= Liquefactive necrosis =

Unplanned cell death in which the remains form a liquid mass

Liquefactive necrosis (or colliquative necrosis) is a type of necrosis which results in a transformation of the tissue into a liquid viscous mass. Often it is associated with focal bacterial or fungal infections, and can also manifest as one of the symptoms of an internal chemical burn. In liquefactive necrosis, the affected cell is completely digested by hydrolytic enzymes, resulting in a soft, circumscribed lesion consisting of pus and the fluid remains of necrotic tissue. Dead leukocytes will remain as a creamy yellow pus. After the removal of cell debris by white blood cells, a fluid filled space is left. It is generally associated with abscess formation and is commonly found in the central nervous system.

==In the brain==
Due to excitotoxicity, hypoxic death of cells within the central nervous system can result in liquefactive necrosis.
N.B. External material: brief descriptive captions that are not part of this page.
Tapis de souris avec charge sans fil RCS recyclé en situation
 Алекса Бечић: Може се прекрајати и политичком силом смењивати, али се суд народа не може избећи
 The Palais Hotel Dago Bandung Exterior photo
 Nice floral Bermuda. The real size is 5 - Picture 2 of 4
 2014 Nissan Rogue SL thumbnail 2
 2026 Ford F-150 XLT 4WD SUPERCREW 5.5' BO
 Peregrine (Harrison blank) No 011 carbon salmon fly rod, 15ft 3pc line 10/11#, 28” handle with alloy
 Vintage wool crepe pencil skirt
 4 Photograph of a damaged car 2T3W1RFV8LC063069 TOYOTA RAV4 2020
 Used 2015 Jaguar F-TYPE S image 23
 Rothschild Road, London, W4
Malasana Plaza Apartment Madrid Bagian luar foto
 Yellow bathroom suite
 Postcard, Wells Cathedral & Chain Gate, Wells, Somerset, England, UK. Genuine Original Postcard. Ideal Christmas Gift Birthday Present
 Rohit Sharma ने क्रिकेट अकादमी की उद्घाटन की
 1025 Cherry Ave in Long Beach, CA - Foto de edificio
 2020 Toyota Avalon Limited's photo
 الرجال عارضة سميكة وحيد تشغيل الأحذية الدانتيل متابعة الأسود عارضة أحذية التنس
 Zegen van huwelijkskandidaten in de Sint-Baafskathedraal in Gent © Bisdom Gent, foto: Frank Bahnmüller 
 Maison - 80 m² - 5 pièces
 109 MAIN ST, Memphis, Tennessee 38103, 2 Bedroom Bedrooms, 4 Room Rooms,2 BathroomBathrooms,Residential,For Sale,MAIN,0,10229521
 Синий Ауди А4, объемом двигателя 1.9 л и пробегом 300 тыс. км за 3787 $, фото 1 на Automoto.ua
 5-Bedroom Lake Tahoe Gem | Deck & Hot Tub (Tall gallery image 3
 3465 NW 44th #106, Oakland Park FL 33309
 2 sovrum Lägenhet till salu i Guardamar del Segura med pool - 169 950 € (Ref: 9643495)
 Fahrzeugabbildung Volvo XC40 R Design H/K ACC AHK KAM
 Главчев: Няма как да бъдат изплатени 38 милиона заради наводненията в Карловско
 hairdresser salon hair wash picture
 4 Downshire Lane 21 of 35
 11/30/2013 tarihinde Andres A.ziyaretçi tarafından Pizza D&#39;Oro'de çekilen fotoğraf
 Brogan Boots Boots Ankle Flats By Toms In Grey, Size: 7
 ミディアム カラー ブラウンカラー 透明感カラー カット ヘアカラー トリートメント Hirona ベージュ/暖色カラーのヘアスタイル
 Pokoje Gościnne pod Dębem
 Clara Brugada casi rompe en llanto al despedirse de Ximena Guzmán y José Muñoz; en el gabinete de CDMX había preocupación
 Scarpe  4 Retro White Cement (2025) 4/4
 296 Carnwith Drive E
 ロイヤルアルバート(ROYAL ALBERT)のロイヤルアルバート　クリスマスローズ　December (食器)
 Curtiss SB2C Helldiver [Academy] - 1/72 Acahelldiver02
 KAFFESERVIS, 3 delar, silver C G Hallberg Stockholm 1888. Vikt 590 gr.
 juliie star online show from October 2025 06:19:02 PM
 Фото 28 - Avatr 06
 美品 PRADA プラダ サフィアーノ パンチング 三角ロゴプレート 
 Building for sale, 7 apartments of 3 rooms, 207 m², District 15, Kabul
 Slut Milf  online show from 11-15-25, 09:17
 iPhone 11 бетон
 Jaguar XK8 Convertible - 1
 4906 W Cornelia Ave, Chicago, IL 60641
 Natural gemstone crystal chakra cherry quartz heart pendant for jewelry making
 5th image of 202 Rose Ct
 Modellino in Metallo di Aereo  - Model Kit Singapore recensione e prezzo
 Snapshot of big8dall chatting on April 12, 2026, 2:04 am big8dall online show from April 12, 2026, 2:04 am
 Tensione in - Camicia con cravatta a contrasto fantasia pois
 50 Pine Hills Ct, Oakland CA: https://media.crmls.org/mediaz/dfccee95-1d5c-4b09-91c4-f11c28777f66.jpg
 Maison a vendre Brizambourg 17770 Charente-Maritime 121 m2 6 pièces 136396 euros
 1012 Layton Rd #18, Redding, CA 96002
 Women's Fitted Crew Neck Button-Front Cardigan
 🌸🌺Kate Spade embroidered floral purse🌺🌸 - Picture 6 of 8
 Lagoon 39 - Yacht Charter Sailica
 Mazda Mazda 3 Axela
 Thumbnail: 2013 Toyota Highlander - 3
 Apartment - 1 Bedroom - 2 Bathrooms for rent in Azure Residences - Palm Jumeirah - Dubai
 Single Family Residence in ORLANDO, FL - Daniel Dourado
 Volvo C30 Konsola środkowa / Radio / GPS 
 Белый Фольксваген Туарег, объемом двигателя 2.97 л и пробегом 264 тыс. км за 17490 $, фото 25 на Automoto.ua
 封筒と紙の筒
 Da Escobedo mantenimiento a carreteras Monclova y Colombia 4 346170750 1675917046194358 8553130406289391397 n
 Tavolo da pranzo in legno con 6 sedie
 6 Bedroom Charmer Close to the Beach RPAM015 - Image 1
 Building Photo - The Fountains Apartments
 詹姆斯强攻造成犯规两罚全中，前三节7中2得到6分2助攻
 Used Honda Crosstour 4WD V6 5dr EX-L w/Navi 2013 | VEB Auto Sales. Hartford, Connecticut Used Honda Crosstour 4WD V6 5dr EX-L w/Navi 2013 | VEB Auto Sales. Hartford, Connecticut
This is a process in which lysosomes turn tissues into pus as a result of lysosomal release of digestive enzymes. Loss of tissue architecture means that the tissue can be liquefied. This process is not associated with bacterial action or infection. Ultimately, in a living patient most necrotic cells and their contents disappear.

The affected area is soft with liquefied centre containing necrotic debris. Later, a cyst wall is formed.

Microscopically, the cystic space contains necrotic cell debris and macrophages filled with phagocytosed material. The cyst wall is formed by proliferating capillaries, inflammatory cells, and gliosis (proliferating glial cells) in the case of brain and proliferating fibroblasts in the case of abscess cavities.
Brain cells have a large amount of digestive enzymes (hydrolases). These enzymes cause the neural tissue to become soft and liquefy.

==In the lung==
Liquefactive necrosis can also occur in the lung, especially in the context of lung abscesses.

==Infection==
Liquefactive necrosis can also take place due to certain infections. Neutrophils, fighting off a bacterium, will release hydrolytic enzymes which will also attack the surrounding tissues.